Посмотрим шире. Никогда ни один степной правитель, ни один московский государь не озабочивались тем, чтобы платить своим поданным пенсии, создавать для них образование и здравоохранение. Нет этого ни в генах, ни в мозгах, ни в механизмах. В СССР – да, было, как следствие коллективистской коммунистической религии, которая давала положительный социальный продукт даже в отвратительном большевистском исполнении. Сейчас же на идеологической пустоши семейно-клановых суверенитетов взращиваются не ростки западной культуры, а экзотические заморские сорняки вперемешку с доцелинными ковылями.


Профессиональный кретинизм – это не ругательство, а научный термин. Так вот, нынешние властные системы не только персонифицировано, но и именно как системы, просто не способны понять, что они и есть – коррупция!


Свежий пример: приехал в Астану саудовский министр и подарил пятнадцать “лимонов” на строительство здания сената.

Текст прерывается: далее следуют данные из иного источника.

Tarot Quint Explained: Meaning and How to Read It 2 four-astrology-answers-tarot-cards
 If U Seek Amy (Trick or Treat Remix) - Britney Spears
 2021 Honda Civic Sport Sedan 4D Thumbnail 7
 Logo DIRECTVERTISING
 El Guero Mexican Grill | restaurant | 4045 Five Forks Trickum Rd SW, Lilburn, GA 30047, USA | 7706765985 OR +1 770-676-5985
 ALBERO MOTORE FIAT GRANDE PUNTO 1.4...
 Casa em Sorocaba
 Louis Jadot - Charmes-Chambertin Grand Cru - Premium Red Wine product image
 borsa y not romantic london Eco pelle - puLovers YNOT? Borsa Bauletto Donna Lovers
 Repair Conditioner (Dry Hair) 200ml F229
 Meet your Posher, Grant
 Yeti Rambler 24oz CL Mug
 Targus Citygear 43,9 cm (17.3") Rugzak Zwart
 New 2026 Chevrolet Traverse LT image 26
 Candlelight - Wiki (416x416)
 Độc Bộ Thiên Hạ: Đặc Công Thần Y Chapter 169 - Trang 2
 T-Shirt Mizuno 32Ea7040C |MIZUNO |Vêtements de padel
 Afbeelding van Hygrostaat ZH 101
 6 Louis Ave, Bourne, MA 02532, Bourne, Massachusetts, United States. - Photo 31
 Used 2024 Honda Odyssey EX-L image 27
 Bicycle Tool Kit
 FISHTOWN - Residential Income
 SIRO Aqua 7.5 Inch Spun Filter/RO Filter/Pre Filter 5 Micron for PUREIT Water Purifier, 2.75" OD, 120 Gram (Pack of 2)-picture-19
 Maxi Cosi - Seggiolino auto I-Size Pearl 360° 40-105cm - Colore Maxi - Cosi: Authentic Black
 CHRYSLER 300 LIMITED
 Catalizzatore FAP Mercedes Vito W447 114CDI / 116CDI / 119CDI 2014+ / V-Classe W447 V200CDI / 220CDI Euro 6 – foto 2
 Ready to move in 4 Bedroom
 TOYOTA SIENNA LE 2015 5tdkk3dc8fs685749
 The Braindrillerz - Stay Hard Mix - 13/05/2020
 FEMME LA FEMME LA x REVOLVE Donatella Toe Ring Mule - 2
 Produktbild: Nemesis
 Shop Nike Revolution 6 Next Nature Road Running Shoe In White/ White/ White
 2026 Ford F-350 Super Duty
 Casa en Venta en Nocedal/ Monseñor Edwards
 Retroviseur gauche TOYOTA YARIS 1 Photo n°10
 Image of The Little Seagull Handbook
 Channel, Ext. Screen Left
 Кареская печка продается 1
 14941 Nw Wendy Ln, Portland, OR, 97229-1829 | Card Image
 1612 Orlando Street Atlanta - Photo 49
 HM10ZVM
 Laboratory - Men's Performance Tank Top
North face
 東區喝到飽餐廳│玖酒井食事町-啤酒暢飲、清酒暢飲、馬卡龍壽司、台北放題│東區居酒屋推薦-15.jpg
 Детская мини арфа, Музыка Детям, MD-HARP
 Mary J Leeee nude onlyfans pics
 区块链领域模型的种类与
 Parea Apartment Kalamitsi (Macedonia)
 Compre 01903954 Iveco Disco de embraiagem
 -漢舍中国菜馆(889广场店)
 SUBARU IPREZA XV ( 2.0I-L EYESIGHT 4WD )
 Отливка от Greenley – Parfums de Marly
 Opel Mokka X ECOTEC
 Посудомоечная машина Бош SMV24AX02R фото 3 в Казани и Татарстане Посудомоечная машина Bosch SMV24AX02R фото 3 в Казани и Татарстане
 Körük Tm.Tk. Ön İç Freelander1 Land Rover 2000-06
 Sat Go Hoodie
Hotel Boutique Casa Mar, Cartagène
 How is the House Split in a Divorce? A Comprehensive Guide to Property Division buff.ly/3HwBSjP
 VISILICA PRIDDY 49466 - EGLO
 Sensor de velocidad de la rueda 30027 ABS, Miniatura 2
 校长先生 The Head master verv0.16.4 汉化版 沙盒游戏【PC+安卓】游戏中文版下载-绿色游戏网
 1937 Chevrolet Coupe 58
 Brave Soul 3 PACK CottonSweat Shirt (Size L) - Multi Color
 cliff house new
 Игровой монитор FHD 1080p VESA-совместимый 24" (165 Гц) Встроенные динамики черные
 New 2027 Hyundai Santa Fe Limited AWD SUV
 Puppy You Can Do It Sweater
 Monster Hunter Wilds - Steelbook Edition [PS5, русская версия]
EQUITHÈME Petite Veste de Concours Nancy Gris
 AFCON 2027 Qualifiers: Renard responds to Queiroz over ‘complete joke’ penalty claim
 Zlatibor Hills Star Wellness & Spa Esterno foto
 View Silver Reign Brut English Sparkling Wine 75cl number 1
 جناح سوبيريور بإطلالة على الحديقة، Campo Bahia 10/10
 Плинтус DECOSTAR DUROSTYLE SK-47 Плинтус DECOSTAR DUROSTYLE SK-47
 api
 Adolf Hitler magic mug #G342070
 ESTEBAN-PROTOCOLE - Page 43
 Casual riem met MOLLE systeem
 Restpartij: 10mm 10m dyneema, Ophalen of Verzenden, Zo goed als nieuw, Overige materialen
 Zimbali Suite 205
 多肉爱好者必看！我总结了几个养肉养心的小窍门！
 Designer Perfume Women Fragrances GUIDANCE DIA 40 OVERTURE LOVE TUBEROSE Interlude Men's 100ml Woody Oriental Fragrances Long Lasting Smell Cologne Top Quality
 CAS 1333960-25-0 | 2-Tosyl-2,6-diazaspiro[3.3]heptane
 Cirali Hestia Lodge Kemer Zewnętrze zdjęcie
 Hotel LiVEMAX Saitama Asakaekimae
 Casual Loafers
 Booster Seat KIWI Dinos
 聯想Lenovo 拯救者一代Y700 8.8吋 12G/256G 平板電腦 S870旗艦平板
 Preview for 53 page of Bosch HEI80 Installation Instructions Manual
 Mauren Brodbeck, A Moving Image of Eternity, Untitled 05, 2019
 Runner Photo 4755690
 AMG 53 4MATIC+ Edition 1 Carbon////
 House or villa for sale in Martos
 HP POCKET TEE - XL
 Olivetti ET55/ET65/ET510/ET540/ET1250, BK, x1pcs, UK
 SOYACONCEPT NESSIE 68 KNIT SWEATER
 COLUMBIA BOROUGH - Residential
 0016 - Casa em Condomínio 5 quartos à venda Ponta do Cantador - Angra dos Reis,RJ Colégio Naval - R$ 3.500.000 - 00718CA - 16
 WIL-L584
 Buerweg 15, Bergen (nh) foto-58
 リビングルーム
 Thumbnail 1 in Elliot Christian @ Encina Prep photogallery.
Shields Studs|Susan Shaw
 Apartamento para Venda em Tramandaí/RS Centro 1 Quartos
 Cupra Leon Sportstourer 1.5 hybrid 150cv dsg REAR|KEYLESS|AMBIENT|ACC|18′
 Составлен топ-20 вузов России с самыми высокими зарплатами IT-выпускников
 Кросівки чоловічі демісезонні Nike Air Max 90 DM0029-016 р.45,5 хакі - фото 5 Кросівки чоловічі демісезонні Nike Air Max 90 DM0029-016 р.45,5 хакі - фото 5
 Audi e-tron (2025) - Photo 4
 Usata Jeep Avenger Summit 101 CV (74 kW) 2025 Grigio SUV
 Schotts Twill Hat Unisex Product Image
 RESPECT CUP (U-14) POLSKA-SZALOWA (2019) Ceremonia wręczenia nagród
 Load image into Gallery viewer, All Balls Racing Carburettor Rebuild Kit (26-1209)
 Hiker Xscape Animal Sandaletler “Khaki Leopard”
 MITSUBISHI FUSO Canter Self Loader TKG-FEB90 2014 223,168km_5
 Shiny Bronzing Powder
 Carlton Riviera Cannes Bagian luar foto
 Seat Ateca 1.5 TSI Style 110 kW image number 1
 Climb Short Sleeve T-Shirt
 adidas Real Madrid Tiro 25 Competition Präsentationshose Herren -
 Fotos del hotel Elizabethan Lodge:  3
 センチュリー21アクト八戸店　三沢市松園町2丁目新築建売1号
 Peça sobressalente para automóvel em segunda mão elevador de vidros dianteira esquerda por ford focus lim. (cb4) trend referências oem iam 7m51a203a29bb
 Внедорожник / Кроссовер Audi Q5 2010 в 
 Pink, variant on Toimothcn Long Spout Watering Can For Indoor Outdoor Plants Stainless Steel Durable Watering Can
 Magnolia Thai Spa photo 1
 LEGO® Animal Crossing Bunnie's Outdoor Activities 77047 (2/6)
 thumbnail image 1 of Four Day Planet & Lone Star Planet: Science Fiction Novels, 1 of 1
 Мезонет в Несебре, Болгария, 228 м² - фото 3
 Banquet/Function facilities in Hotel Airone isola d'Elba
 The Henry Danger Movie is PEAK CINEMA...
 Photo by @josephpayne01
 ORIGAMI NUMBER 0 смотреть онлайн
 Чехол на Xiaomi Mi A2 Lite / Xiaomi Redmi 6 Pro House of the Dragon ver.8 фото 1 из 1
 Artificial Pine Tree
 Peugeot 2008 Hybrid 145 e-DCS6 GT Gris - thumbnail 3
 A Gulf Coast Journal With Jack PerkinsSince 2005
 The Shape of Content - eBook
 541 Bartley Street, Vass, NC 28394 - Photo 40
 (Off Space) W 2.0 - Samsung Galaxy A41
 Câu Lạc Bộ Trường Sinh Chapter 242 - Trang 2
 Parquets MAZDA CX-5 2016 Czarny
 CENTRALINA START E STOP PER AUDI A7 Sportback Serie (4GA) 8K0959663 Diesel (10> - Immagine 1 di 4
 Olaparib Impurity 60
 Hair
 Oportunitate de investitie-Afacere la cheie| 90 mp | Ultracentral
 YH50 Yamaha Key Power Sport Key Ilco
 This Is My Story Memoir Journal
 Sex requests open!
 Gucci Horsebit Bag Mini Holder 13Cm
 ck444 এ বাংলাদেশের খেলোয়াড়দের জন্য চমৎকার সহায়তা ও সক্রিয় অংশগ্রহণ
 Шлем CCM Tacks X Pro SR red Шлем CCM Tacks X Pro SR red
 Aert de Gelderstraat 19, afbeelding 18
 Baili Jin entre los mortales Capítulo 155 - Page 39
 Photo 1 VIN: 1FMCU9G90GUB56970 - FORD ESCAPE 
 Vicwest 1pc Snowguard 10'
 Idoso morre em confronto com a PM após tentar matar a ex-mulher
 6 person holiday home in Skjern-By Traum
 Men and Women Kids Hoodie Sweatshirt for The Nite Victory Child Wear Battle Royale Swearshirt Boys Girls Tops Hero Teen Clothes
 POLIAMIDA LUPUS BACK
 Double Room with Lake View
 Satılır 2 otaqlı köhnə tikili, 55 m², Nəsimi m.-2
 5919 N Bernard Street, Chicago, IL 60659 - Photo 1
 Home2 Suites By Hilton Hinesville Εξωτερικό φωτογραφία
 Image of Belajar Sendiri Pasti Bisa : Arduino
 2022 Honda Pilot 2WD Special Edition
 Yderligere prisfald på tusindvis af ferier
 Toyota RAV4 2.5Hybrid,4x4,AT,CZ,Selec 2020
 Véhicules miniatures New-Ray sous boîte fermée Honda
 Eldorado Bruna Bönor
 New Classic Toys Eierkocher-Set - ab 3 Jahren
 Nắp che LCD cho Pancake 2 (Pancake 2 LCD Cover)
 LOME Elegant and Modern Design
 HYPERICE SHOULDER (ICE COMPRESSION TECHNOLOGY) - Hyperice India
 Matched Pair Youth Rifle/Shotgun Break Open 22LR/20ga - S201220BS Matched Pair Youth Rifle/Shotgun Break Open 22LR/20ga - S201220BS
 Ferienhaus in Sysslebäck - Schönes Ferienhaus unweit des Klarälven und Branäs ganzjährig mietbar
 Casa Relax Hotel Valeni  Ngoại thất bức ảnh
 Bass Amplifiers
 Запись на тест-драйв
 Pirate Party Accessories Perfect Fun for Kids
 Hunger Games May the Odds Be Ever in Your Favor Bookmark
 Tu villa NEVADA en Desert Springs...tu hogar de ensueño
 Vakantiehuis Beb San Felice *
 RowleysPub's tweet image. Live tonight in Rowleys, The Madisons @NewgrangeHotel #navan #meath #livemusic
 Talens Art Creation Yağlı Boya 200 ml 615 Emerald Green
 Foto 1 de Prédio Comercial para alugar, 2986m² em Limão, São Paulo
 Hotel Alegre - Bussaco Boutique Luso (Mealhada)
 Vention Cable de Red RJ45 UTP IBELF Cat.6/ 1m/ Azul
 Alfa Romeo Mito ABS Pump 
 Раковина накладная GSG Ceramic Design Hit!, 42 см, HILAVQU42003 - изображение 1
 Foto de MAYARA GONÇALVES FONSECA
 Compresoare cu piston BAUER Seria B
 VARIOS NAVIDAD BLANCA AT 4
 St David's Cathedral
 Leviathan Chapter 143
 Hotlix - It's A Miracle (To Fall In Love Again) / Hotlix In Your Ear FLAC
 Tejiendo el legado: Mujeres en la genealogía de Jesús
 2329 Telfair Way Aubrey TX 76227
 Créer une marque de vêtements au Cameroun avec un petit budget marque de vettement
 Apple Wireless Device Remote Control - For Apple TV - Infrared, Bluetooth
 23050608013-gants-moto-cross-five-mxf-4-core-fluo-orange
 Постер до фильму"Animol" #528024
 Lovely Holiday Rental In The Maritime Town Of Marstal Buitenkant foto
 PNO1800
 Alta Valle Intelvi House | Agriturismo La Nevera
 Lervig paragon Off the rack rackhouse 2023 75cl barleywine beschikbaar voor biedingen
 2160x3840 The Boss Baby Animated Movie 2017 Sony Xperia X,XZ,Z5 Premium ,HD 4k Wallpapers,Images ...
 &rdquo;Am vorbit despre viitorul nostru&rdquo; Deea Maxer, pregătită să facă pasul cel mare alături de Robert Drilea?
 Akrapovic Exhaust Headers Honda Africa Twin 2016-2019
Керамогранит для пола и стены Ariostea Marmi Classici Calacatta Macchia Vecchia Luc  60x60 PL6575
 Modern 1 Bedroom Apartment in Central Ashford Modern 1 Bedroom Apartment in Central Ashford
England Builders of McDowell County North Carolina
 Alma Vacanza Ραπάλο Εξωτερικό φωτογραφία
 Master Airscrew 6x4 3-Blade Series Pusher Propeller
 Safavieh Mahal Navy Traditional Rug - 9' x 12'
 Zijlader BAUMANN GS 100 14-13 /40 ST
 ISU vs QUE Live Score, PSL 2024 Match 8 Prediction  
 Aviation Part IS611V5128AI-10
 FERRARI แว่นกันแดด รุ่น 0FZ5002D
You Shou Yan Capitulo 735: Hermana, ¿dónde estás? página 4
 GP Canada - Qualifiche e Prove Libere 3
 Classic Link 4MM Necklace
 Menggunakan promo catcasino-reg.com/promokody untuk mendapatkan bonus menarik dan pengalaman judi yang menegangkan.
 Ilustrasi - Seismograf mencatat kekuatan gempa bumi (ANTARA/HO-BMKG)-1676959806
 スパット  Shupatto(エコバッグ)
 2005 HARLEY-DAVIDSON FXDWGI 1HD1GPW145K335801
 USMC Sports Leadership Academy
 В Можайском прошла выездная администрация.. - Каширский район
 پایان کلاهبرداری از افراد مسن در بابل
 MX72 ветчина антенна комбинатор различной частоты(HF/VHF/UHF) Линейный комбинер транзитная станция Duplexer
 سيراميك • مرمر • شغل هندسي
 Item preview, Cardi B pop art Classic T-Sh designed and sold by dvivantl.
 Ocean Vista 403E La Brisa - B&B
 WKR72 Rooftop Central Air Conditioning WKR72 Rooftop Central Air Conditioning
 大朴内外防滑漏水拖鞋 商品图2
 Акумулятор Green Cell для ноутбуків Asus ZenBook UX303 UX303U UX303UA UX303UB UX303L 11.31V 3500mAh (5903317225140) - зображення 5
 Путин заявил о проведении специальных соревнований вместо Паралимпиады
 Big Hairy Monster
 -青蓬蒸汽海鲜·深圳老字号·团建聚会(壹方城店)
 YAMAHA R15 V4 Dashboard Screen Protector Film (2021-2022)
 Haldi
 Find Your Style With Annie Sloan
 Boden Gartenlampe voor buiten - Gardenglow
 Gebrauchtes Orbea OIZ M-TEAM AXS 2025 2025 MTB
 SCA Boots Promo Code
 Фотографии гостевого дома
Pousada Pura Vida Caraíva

Вникните: иностранец не в наше сельское хозяйство свои нефтедоллары вложил, ни сирот или инвалидов облагодетельствовал, он Власти, на ее собственное обустройство, дал. А Власть – взяла! Не тайно и без стыда – сенаторы открыто по телевизору радовались. Ну как такой власти про коррупцию объяснишь?


И не надо нашей власти такое объяснять, у нее от наших объяснений понимания не прибавляется, только характер портится. Наоборот, мы – общество, должны понять природу правящих нами и помочь им стать тем самым натуральным продуктом, который только и может произрастать в Евразийской степи.


Наш человек, получивший власть, обязательно начнет с себя. В сказку о том, как саудовский монарх жил в мазанке, покуда вся страна не разбогатела на нефти, он готов поверить, но понять ее – не готов. Помешать тому, чтобы любой новый министр или аким начинали с обустройства собственного оффиса и автовыезда, – невозможно, следовательно, и не надо.


Лучше нам помочь госвласти освободиться от того, что она не умеет и не любит. Например: зачем Казахстану министерства науки, образования, культуры, здравоохранения, спорта и так далее? Нет, я ничего не имею против лично нынешних министров и их команд. Но в принципе: если чиновные госконторы возглавляют всю нашу национальную науку, культуру, образование и здравоохранение, так чего же мы можем от них ожидать?


Неужели кто-то сомневается, что если бы недавний скандальный заказ на разработку национальных учебников проходил не через Минобразования, а через, скажем, ассоциацию национальных школ, то меньше было бы безграмотности, злоупотреблений и национального позора?


Или, скажем, почти сотня РГП, созданных для всевозможных сертификаций, стандартизаций и разрешений. Все ведь знают, что они только называются государственными службами, а на самом деле это коммерческие лавочки, торгующие своими гербовыми бумагами и печатями. Так почему бы не доверить лицензирование дантистов – дантистам, гинекологов – гинекологам, а строителей – строителям?


А взамен общество могло бы попросить у власти самоуправление городов и свободу гражданских самоорганизаций, включая местные культурные, национальные и разные другие автономии.


Вот незадача! С первого абзаца пытаюсь перевести текст с подковырок на серьезный лад, а не выходит.


Попытаюсь в последний раз.


Если совершенно серьезно, то лично я вижу только одну трудность в строительстве коллективистского и не коррумпированного государства Казахстан. Да и то – чисто техническую: такое государство не построить без участия действующей Власти.


Которая у нас, сами знаете, коррумпирована…


Если кто еще не понял, куда я клоню, пожалуйста, могу сказать прямо — начните читать с первой страницы.